Records shown:

'''

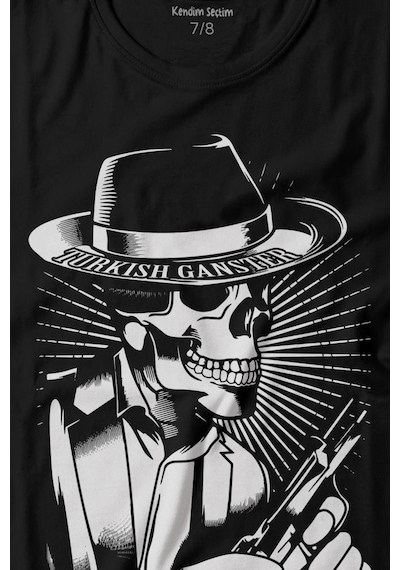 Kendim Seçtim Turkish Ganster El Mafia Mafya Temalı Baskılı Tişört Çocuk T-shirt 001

'''
'''

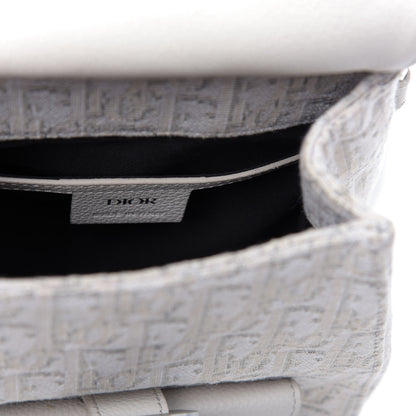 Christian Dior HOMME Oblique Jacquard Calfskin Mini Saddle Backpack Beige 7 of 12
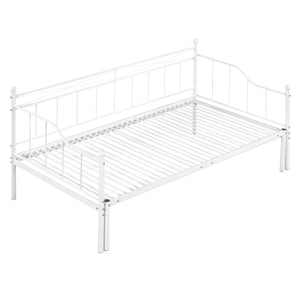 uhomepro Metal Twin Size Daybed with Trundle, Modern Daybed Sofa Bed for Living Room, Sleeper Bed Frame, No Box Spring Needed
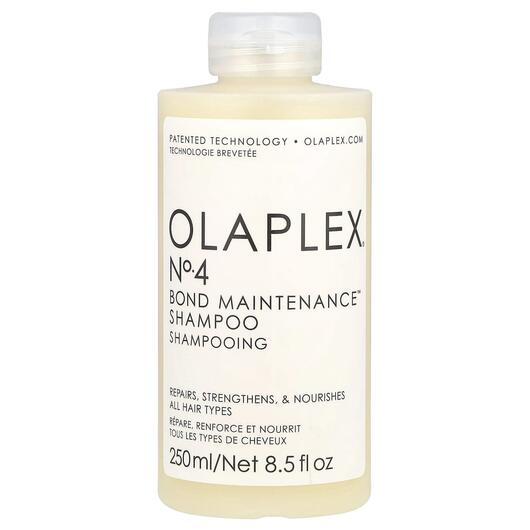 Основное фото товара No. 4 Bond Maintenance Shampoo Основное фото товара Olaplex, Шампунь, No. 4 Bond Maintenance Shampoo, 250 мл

'''
'''

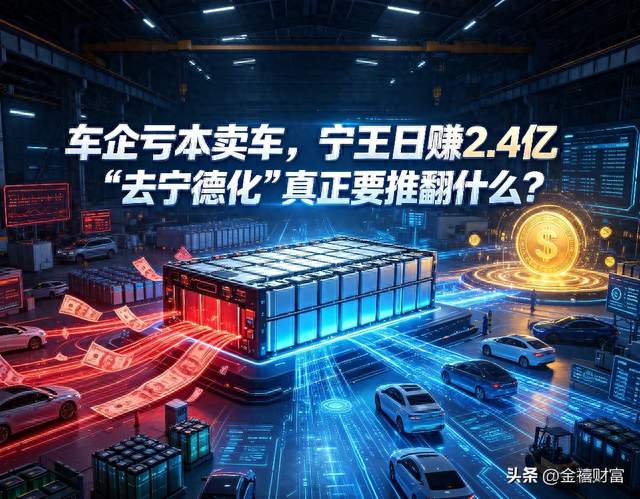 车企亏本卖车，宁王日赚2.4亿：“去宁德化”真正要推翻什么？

'''

How to complete this task: From the records above, transcribe exactly the lines starting at the one containing "Christian Dior HOMME" and ending at the one containing "Основное фото товара No.". Skip the pictures.

Result below:
 Christian Dior HOMME Oblique Jacquard Calfskin Mini Saddle Backpack Beige 7 of 12
 uhomepro Metal Twin Size Daybed with Trundle, Modern Daybed Sofa Bed for Living Room, Sleeper Bed Frame, No Box Spring Needed
 Основное фото товара No. 4 Bond Maintenance Shampoo Основное фото товара Olaplex, Шампунь, No. 4 Bond Maintenance Shampoo, 250 мл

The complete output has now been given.